Anyone ever try using frankincense and/or myrrh for smoking meats?  Seems like it’d work with some types of sausage? 


Historically, would this have been done anywhere in Europe? 
These resins come from the horn of Africa, and were used throughout the Mediterranean (Jesus got some for his birthday, remember?)  They would be burned as incense, infused into wine, water, oils.  However, meat preservation in the Mediterranean involved fermentation rather than smoking. 
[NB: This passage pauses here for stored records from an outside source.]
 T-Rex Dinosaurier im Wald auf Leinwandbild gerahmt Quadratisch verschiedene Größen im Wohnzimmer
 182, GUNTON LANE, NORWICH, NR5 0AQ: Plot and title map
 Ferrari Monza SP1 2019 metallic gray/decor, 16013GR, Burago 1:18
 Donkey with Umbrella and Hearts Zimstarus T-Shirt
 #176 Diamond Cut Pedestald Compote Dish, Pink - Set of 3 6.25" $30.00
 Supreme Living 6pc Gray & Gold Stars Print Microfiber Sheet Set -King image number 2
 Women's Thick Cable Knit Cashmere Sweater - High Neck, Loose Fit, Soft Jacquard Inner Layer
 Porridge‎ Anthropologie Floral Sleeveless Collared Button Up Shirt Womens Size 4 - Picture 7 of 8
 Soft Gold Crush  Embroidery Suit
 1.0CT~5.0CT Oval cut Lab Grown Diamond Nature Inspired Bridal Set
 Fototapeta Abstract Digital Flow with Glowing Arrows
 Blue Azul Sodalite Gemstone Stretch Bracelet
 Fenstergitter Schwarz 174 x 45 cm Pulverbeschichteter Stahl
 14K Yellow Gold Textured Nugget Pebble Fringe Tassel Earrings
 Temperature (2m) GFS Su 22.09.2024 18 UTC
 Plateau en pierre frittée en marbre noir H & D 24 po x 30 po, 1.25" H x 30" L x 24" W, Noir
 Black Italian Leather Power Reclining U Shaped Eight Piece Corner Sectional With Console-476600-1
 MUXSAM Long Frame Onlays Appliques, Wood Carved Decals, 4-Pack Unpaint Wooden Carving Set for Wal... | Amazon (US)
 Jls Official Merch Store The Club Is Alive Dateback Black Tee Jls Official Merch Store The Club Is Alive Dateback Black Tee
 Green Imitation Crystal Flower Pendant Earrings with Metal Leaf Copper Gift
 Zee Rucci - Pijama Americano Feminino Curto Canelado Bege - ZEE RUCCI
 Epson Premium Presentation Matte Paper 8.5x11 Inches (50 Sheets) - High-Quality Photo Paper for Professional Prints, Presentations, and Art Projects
Smoked meats come from norther Europe, where these resins would have been exceptionally rare in ancient times.  By the end of the middle ages though, trade routes would have made them more accessible, but they’d still be very expensive.


----------



## Smoke Diver (Aug 9, 2021)

PolishDeli said:


> Anyone ever try using frankincense and/or myrrh for smoking meats?  Seems like it’d work with some types of sausage?
> 
> 
> Historically, would this have been done anywhere in Europe?
> ...


I was thinking the same. If no one tried it I can test it and let you know.


----------



## chef jimmyj (Aug 9, 2021)

Don't know if either was used in our Catholic Church service, but some incense they burned, on occasion, walking in sure smelled Horrible!...JJ


----------